Medical Professionals Say Lack of Oversight for Covid-19 Information Causes Mental Health Issues
Unless you have been under a rock for the last year, you have probably heard that CEO Mark Zuckerberg took Facebook and turned it into Meta. While it functions much as it did before the transformation, there are changes being called for by 500 medical professionals. Jody Serrano wrote on gizmodo.com that Meta shareholders feel public pressure to respond due to Covid-19 misinformation that has proliferated on Facebook.
“In our exam rooms and our hospitals, we’ve seen the detrimental impact that the mis- and disinformation circulated like wildfire across Meta’s platforms has had on individuals and communities alike,” the providers’ letter read.
The group published an open letter addressed to Meta shareholders in support of Proposal 14, an item on the meeting’s agenda that would have mandated an independent assessment of the performance of Meta’s Audit and Risk Oversight Committee. The committee assists the company’s board with risk management related to public safety and the public interest. Proposal 14 was overwhelmingly rejected by Meta’s shareholders, though, receiving 11% of votes in favor and 89% against.

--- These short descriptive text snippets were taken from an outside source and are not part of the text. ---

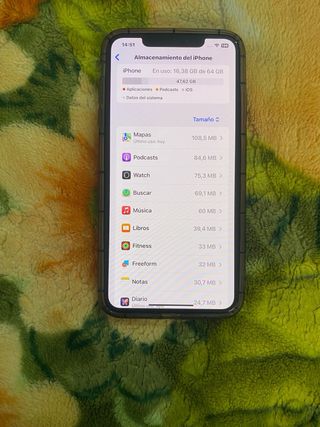 iPhone XS Max 64GB Batería 91%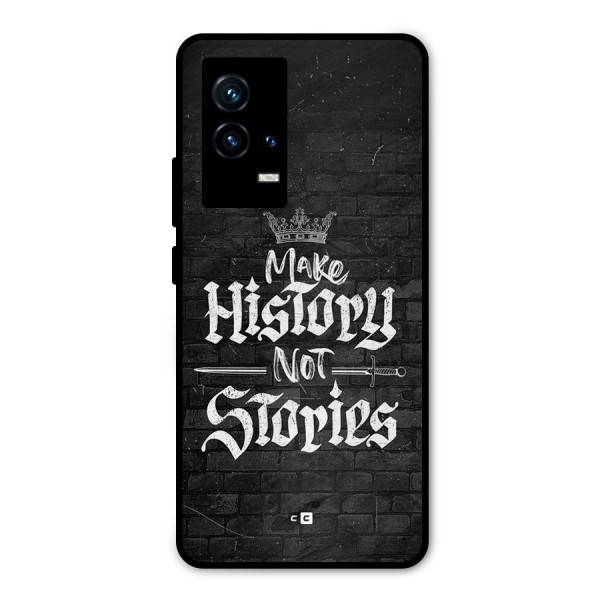 Make History Metal Back Case for iQOO 9 5G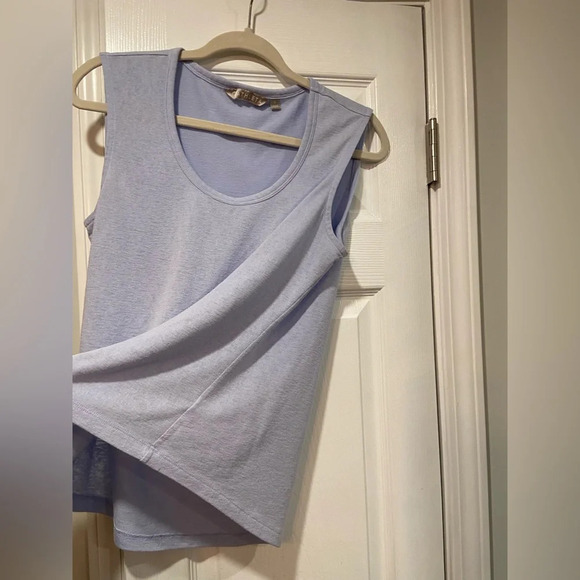 Athleta Light Blue Scoop Neck Soft Modal Pullover Stretch Tank Top Size S - Picture 7 of 8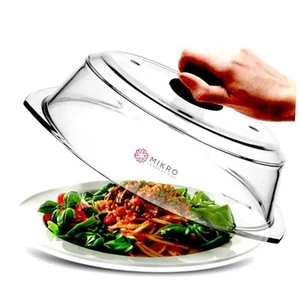 Cubierta alta para salpicaduras de microondas de vidrio | Resistente transparente 100% seguro para alimentos libre de BPA  - Imagen 1 de 7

Medical professionals who signed the letter cited Covid-19 misinformation and content that negatively affects children and teenagers’ mental health. The open letter was organized by the Committee to Protect Health Care.

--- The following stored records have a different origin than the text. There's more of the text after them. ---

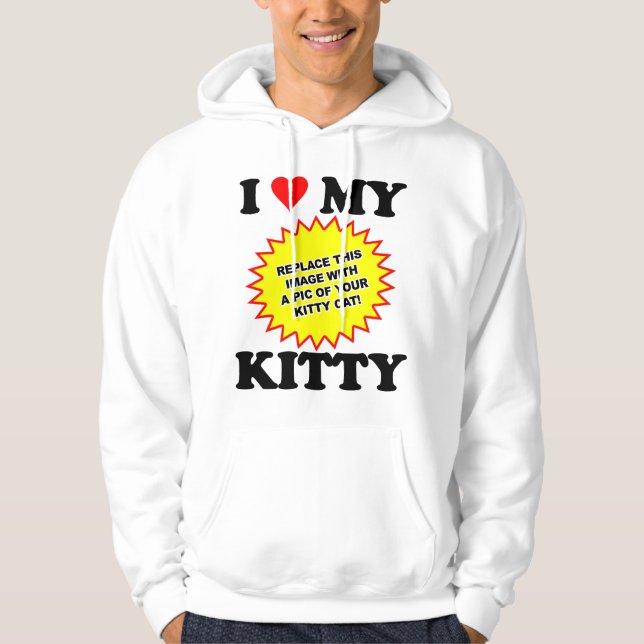 Sudadera PERSONALIZABLE Amo a mi gatito (Anverso)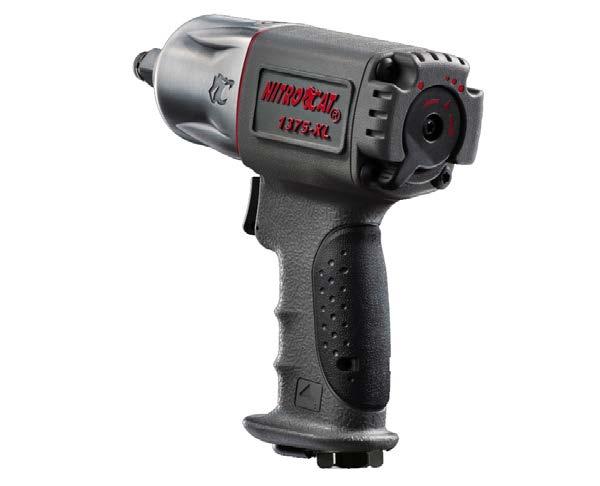 1375-XL 1/2" "XTREME POWER" IMPACT WRENCH Provides industry leading 700 ft-lb of loosening torque The NitroCat 1375-XL is a no non-sense, hard hitting 1/2" impact wrench that incorporates the twin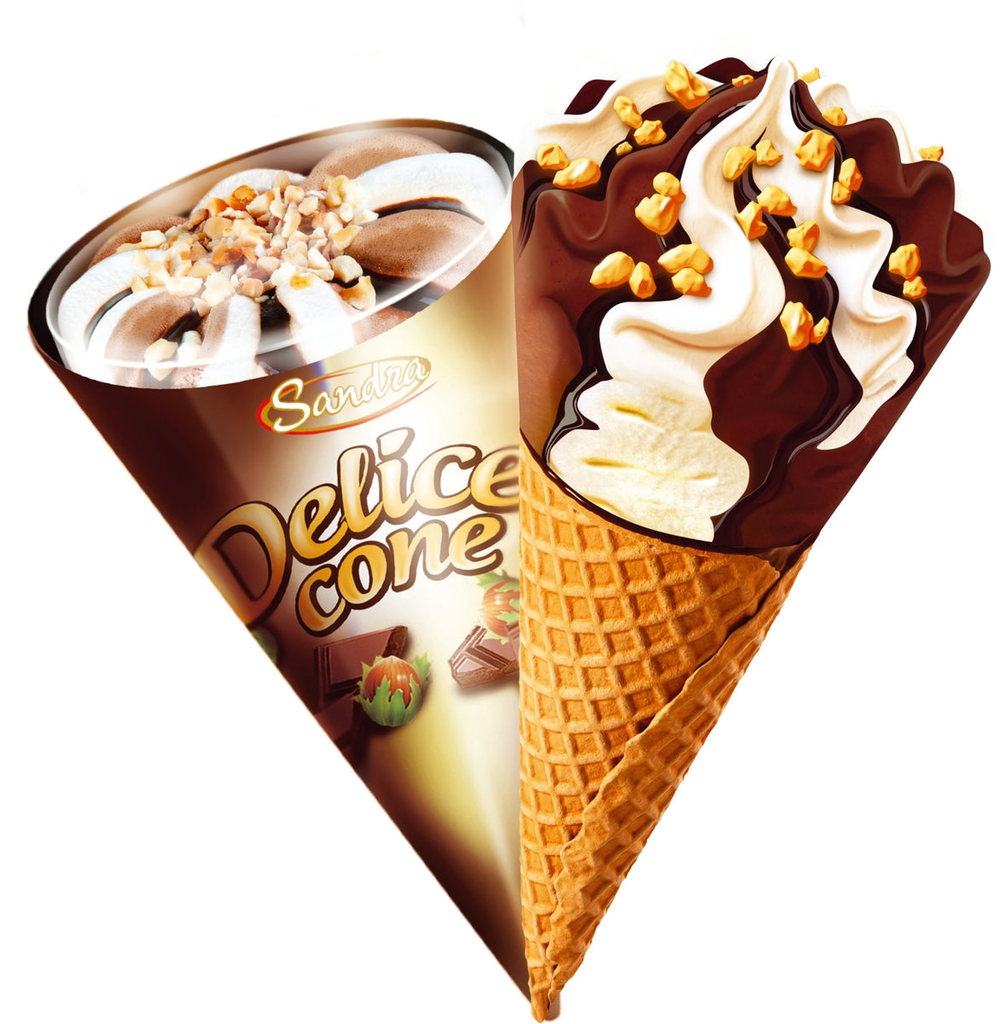 SANDRA DELICE CONE CHOCOLATE 200ML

“Meta has a responsibility to address its role in public safety and hold Mr. Zuckerberg accountable because disinformation and misinformation spread fastest on Facebook, compared with all other social media platforms,” the doctors said.
We all watched the information scroll past us for the past two years of this pandemic, and it’s true that it is nearly impossible to discern what is factual and what is contributed to misinformation.
For their part, Meta’s board of directors responded by saying the company was “committed” to keeping people safe and preventing harm. The board also said that employees can already confidentially submit concerns to the committee on matters related to accounting, auditing, and other risks.
“Our board of directors believes that the preparation of the report contemplated by this proposal is unnecessary and not beneficial to our shareholders,” the board wrote in its response.